**** Supplied information

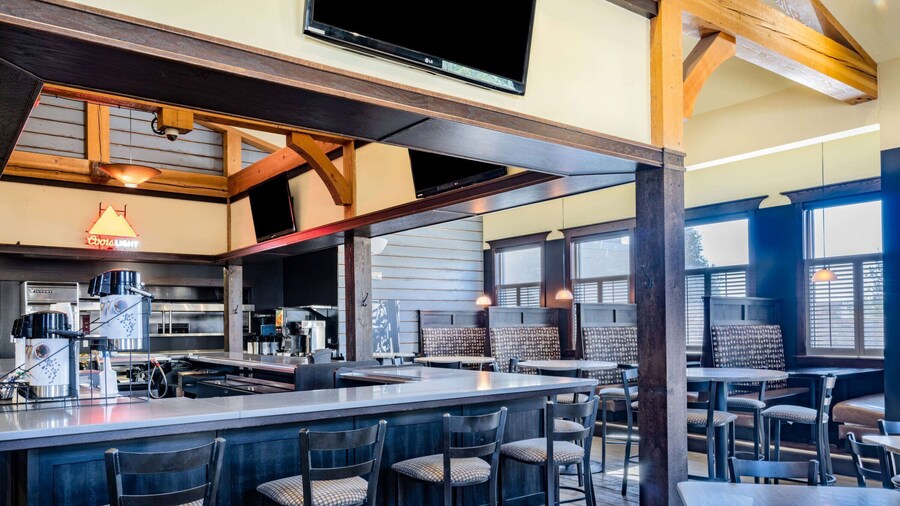 Hawthorn Suites by Wyndham Williston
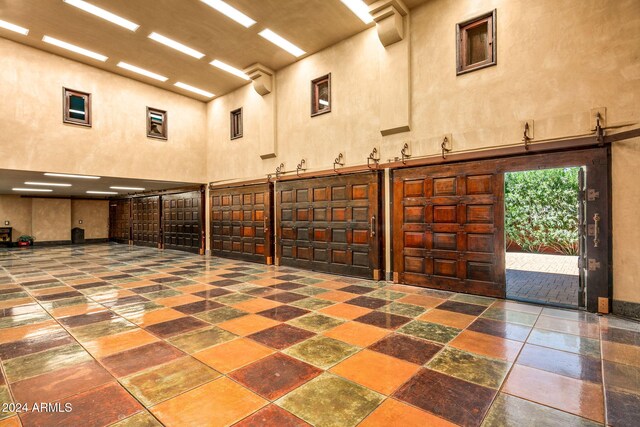 8100 N 68th St, Paradise Valley, AZ 85253 - view of sport court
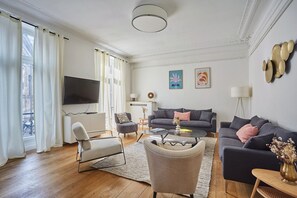 Smart TV, offices - Superb apartment Center of Paris-Montmartre (Paris)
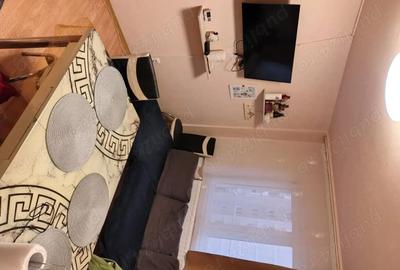 Apartament cu 3 camere semidecomandat în Micro 14 - 1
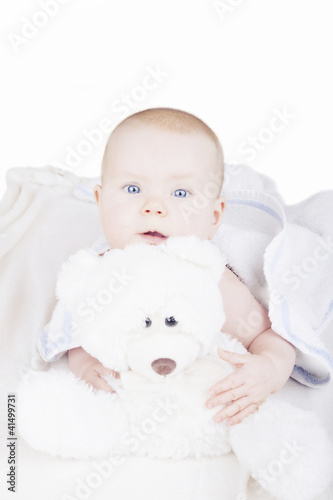 Baby mit Teddybär, isoliert auf Weiß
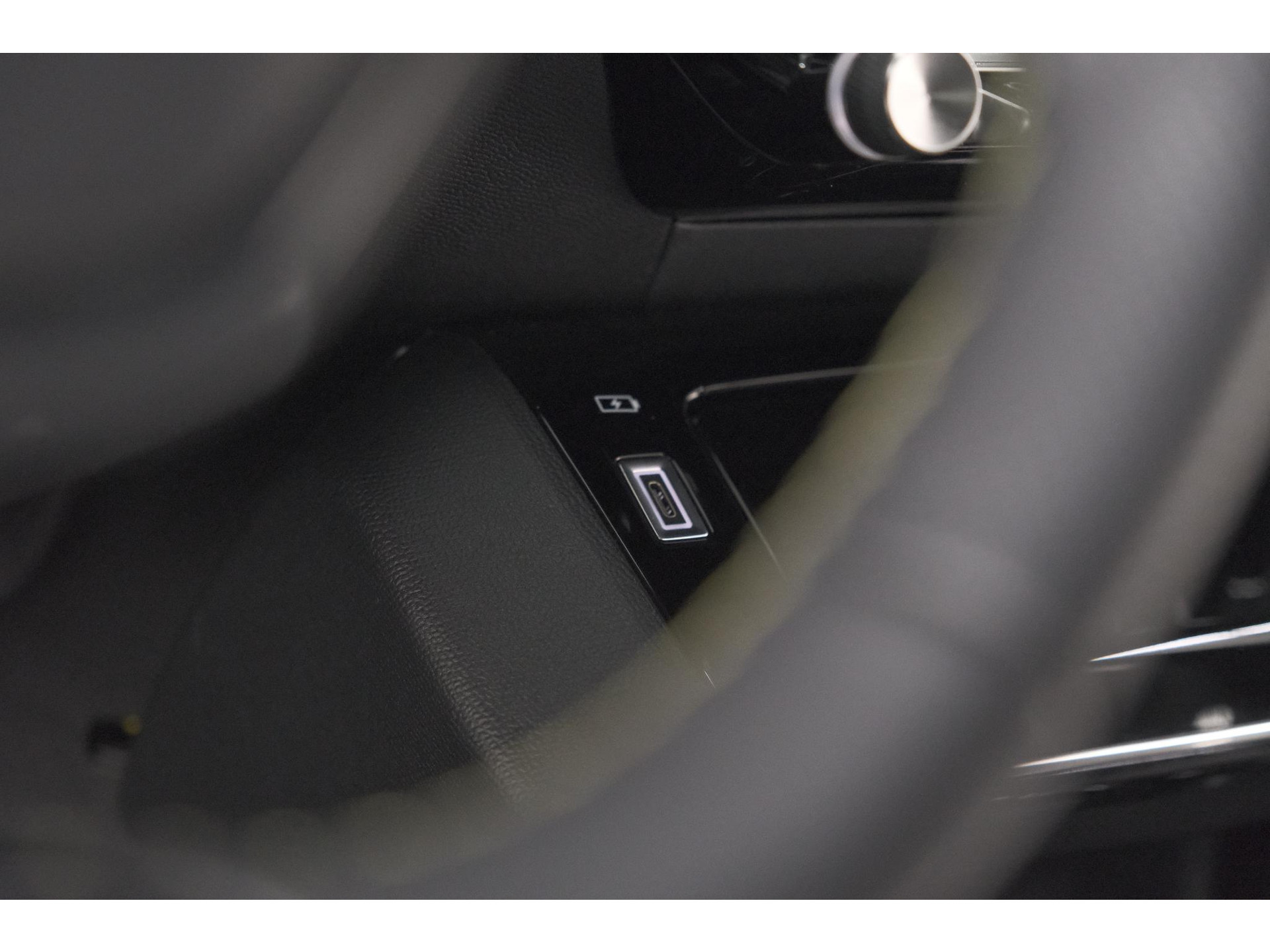 Peugeot 2008 1.2 Hybrid 136 GT | Camera | Apple Carplay | Parkeersensoren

********

## Assigned task
From the line containing "Apartament cu 3" down to the end of the listing above, every line is to be returned exactly, though the pictures are not.

## Result
 Apartament cu 3 camere semidecomandat în Micro 14 - 1
 Baby mit Teddybär, isoliert auf Weiß
 Peugeot 2008 1.2 Hybrid 136 GT | Camera | Apple Carplay | Parkeersensoren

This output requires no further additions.